Writing

The more I read old books, the more I discover the source of the thoughts in new books. No writer is absolutely original. Every writer's ideas are mostly recombinations of others' ideas. A novel book is a novel subset of previous books. Still, great and mediocre writers differ in how fully they fuse and transform their borrowed materials. A mediocre book has the consistency of vegetable soup. The still-visible chunks of others' thoughts soak in the watery broth of the writer's own voice. The writing follows no recipe except to throw in every desirable dish, which produces an undesirable dish. The book has no identity, through having too many. Great books are like vegetable juice.
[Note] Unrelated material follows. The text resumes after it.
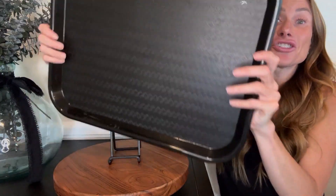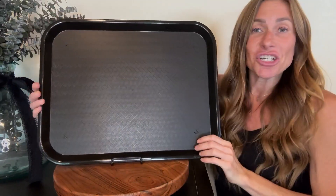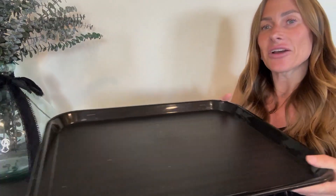Unlike the paper trays that you get in the cafeteria line these days, these are strong and durable and can easily be wiped down and reused. They're dishwasher safe so you can put them in the dishwasher and clean them up, and they don't necessarily even have to be used for food. They could be used for putting things on that you want to be able to easily slide in and out of a cabinet.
The blender of genius liquefies the ingredients of prior reading into a uniform drink, with a texture and taste no single part possessed. Out of many flavors comes only one, the author's. Lesser writers emulate what they read, great writers assimilate it—merging masterpieces into a masterpiece.

Young writers are often guilty of contriving passion. They begin their work in earnest, but then they overstep the limits of their real feelings, adorning their hard-won experiences with borrowed ideas in the hope of enhancing the impact, yet actually diminishing it. Nevertheless, this youthful erring toward artifice and overextension is rooted in genuine ardor. Because young writers feel so impassioned, they try too hard to impassion their readers. Should not the reader then forgive this falseness born of authenticity?